Produce a word-for-word copy of the lines from the one that contains "Holy Trinity Cathedral" to the final line of the data below, with all pictures dropped.

_ _ _

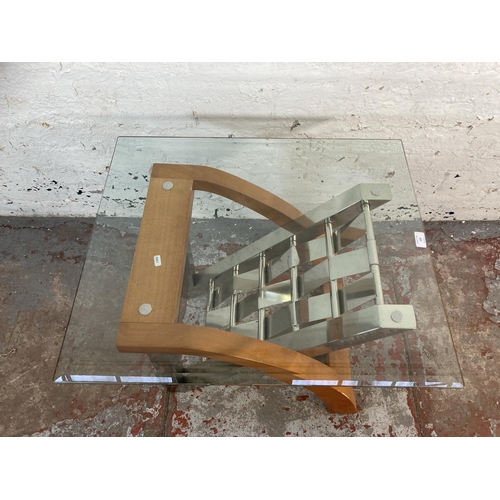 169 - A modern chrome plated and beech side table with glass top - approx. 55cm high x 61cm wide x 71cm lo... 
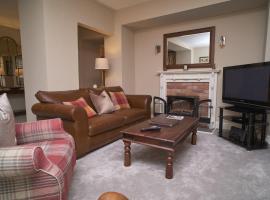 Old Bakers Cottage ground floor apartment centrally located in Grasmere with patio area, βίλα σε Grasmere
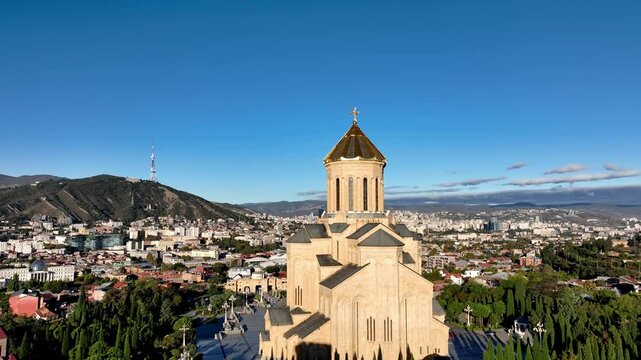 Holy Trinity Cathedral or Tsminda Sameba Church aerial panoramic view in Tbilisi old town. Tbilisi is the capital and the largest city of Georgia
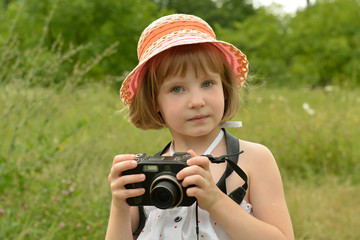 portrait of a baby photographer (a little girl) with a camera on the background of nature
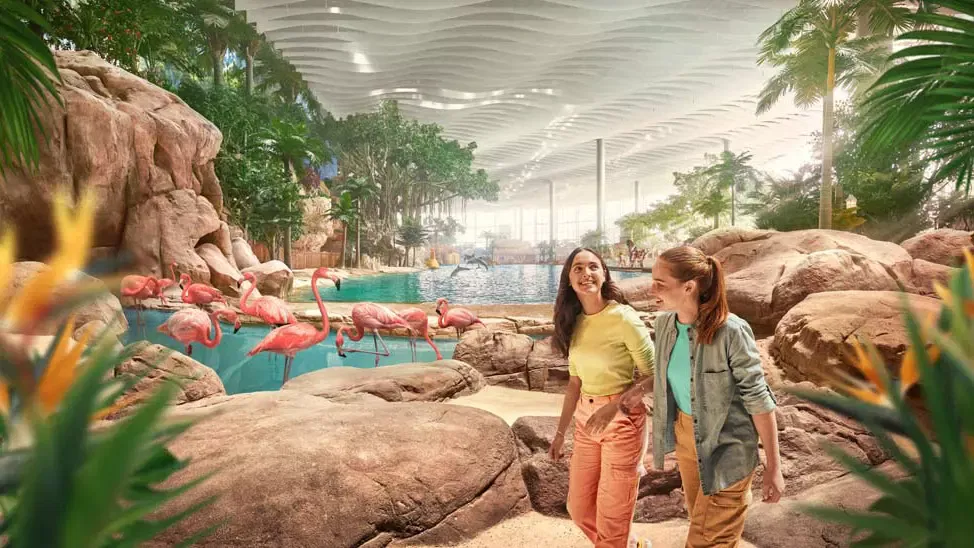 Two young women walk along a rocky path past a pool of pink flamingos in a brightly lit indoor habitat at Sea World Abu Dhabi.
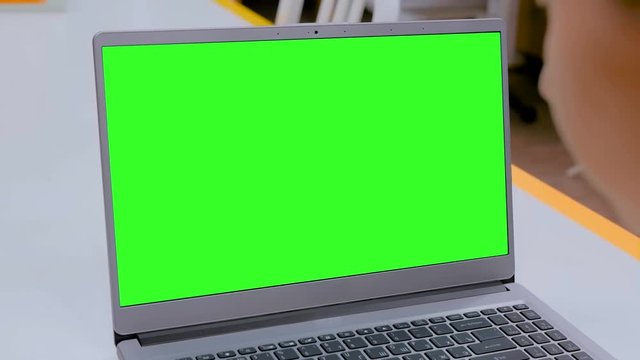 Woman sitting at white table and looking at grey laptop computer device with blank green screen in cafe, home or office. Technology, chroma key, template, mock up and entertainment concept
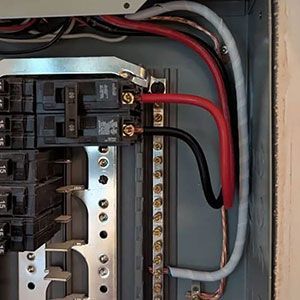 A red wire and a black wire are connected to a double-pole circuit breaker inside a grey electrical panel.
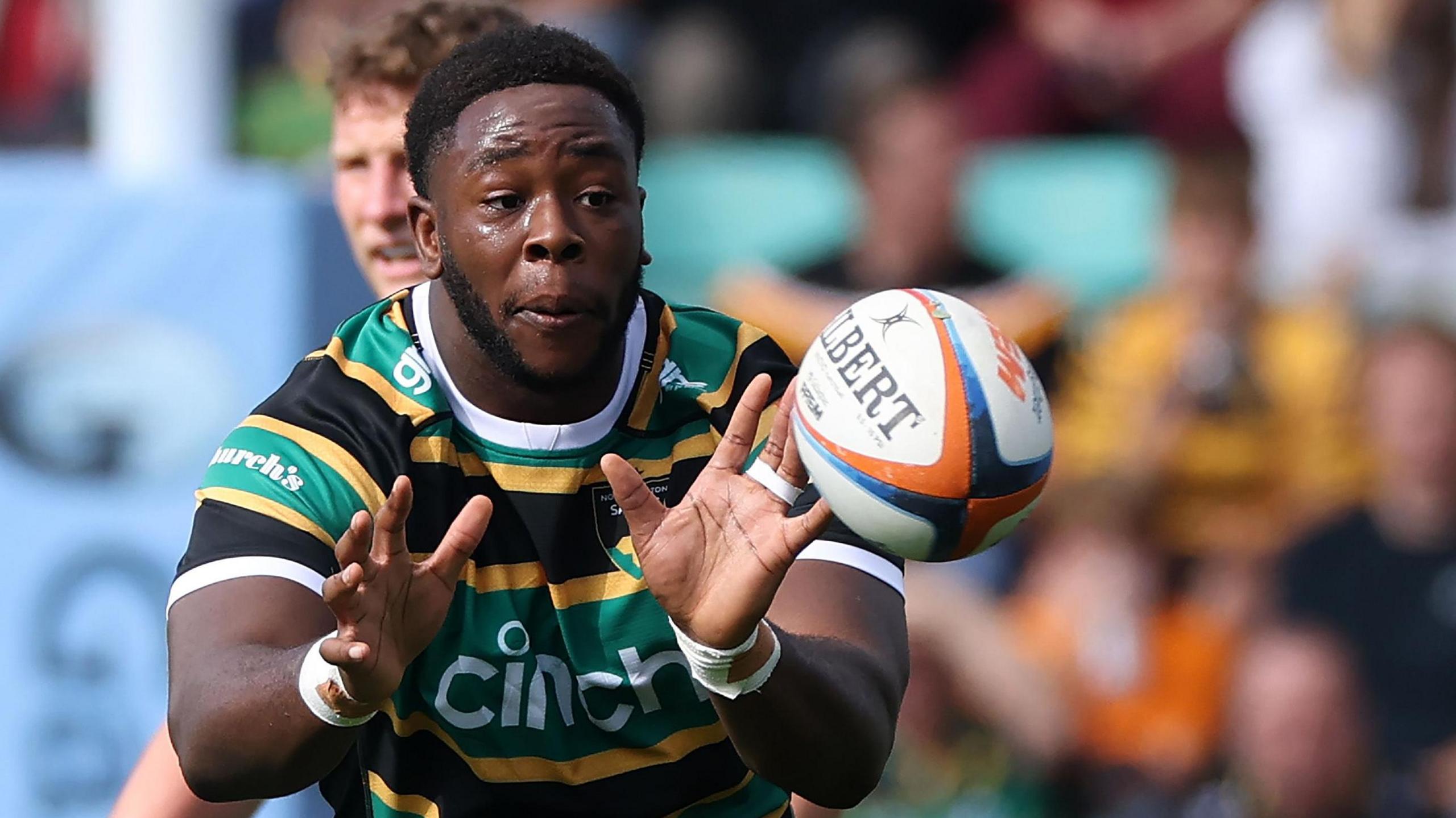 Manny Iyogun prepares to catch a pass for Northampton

_ _ _

▸ EXERCISE RESULT
 Holy Trinity Cathedral or Tsminda Sameba Church aerial panoramic view in Tbilisi old town. Tbilisi is the capital and the largest city of Georgia
 portrait of a baby photographer (a little girl) with a camera on the background of nature
 Two young women walk along a rocky path past a pool of pink flamingos in a brightly lit indoor habitat at Sea World Abu Dhabi.
 Woman sitting at white table and looking at grey laptop computer device with blank green screen in cafe, home or office. Technology, chroma key, template, mock up and entertainment concept
 A red wire and a black wire are connected to a double-pole circuit breaker inside a grey electrical panel.
 Manny Iyogun prepares to catch a pass for Northampton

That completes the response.